### What the exercise asks
Would you repeat exactly the part of the listing below that runs from the line containing "Don't Talk Just" down to the line containing "Dushani Ekanayake (@dushaniekanayake)", inclusive, and nothing else?

### Records for the exercise

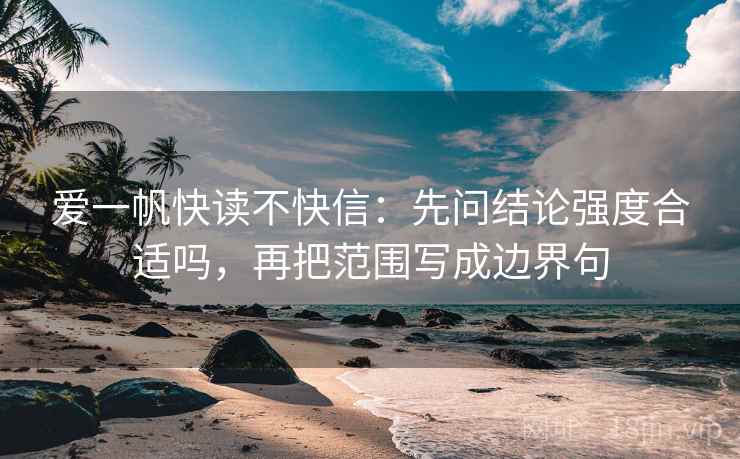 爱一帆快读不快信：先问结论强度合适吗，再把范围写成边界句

* * *

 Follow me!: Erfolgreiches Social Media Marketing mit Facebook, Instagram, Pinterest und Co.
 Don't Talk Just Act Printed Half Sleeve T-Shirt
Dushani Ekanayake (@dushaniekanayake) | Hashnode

### Exercise answer
 Don't Talk Just Act Printed Half Sleeve T-Shirt
Dushani Ekanayake (@dushaniekanayake) | Hashnode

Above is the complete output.